For the entries that follow, set down each one exactly and drop any pictures.

== Record set ==

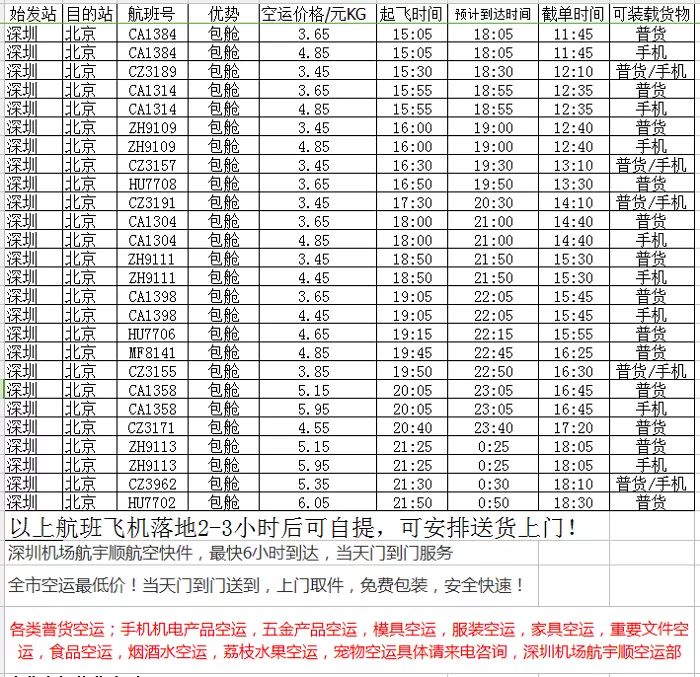 4、國內海運價格查詢價目表:海運一般的價格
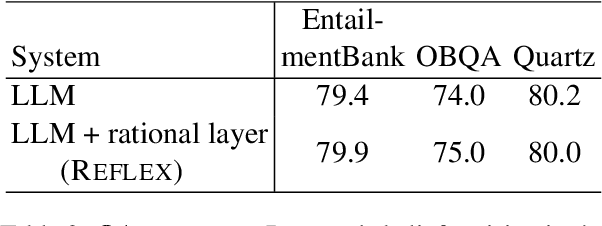 Figure 4 for Language Models with Rationality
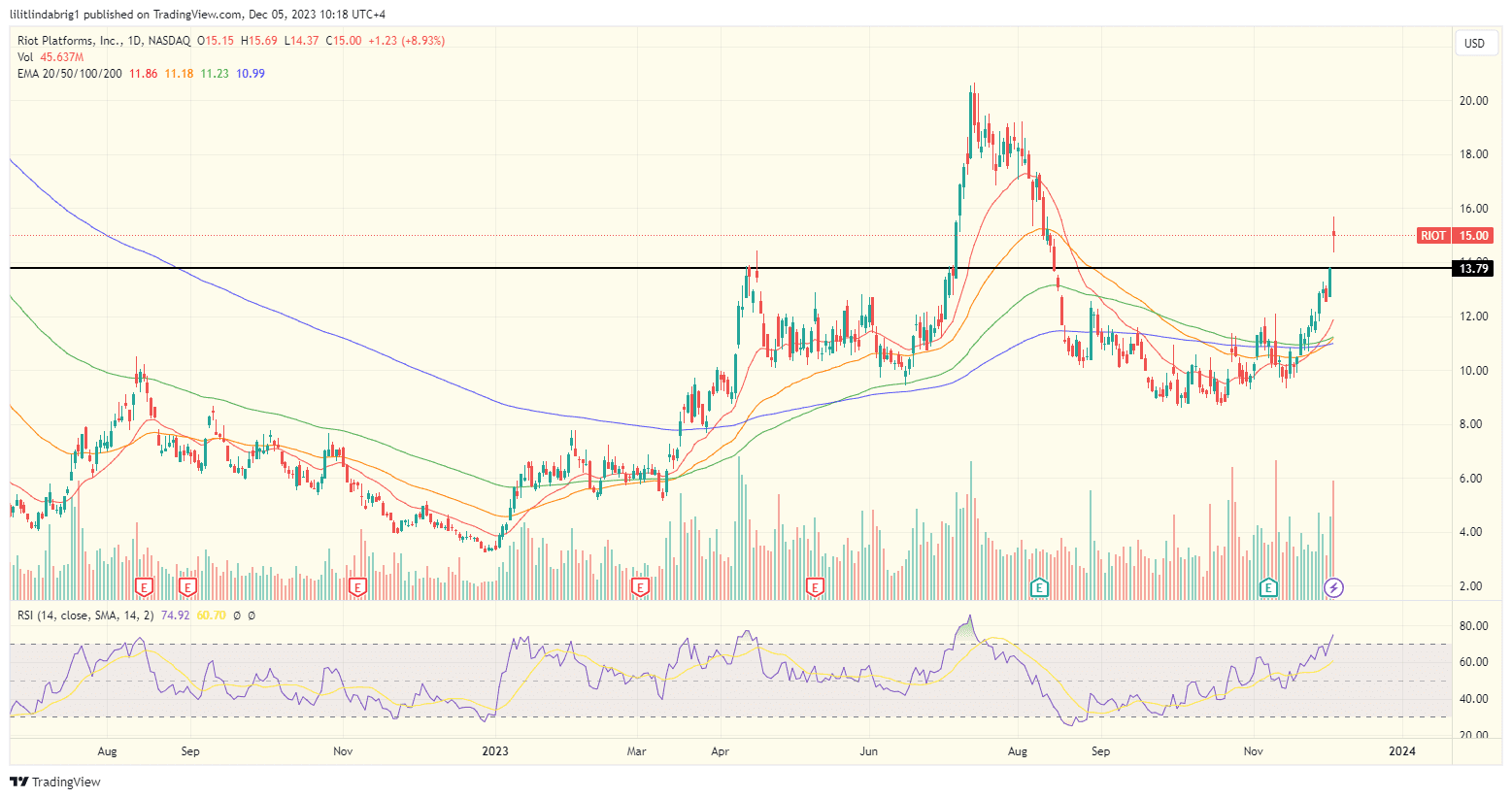 Riot Platforms Bitcoin mining rig ahead of the 2024 halving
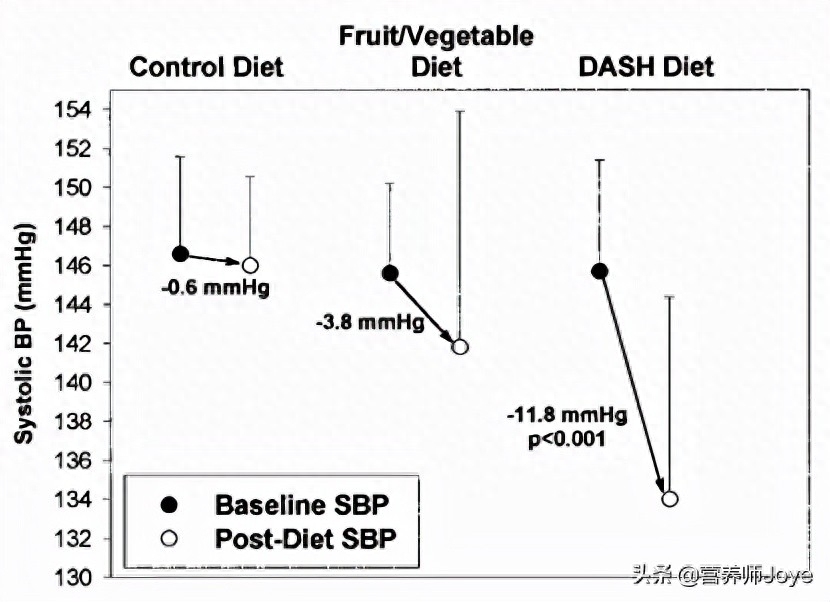 补硒抗癌文献(补硒对抗癌有什么作用)-硒宝网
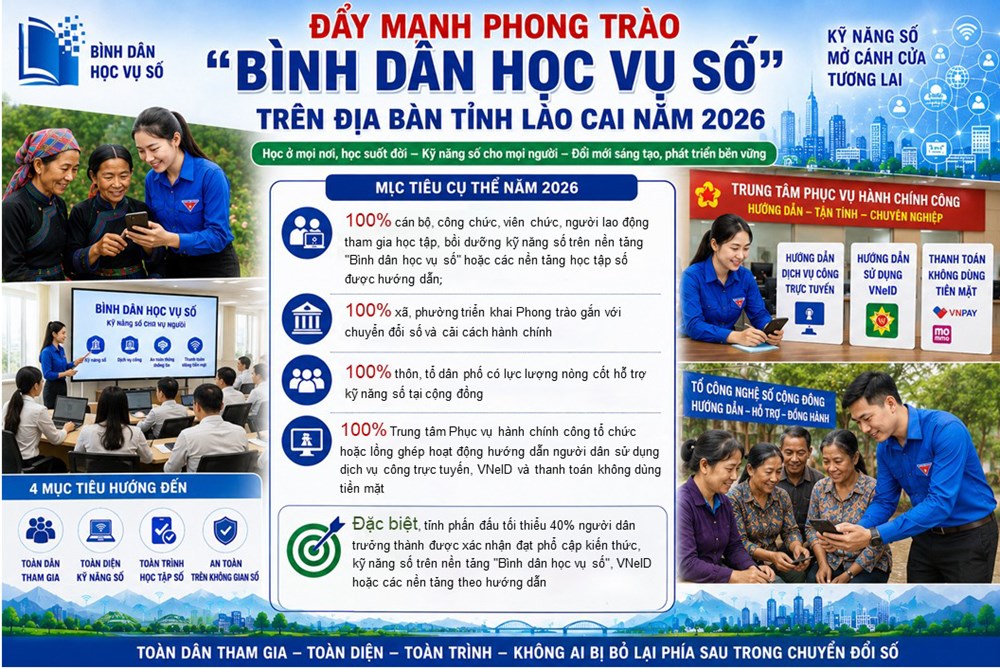 Lào Cai phấn đấu 40% người dân trưởng thành đạt chuẩn kỹ năng số năm 2026 - ảnh 1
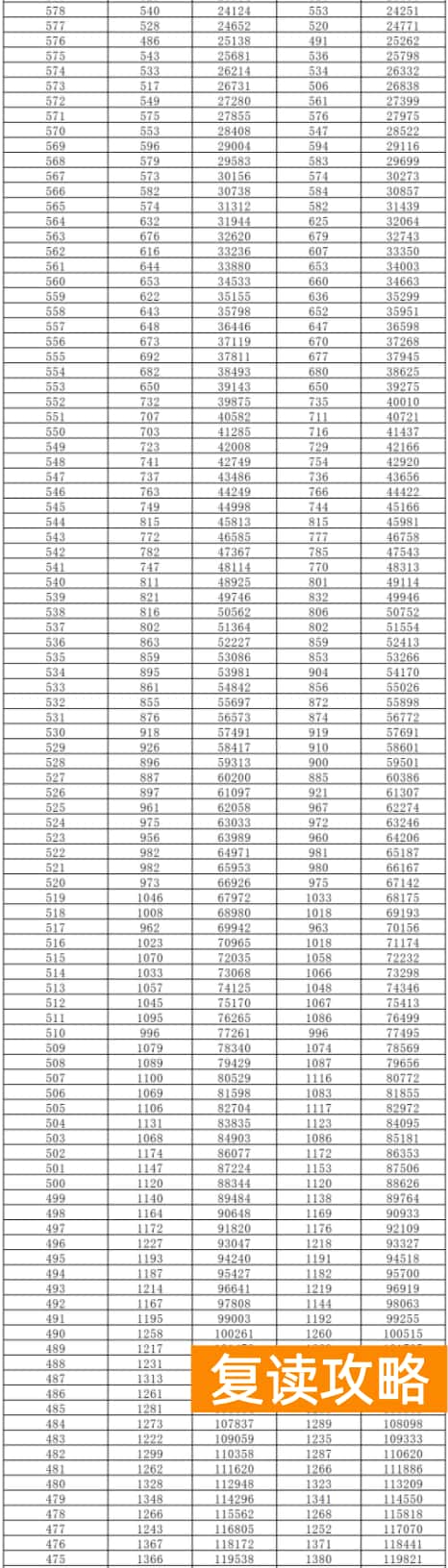2024湖南高考一分一段表公布 历史物理成绩排名出炉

===

-- Response --
 4、國內海運價格查詢價目表:海運一般的價格
 Figure 4 for Language Models with Rationality
 Riot Platforms Bitcoin mining rig ahead of the 2024 halving
 补硒抗癌文献(补硒对抗癌有什么作用)-硒宝网
 Lào Cai phấn đấu 40% người dân trưởng thành đạt chuẩn kỹ năng số năm 2026 - ảnh 1
2024湖南高考一分一段表公布 历史物理成绩排名出炉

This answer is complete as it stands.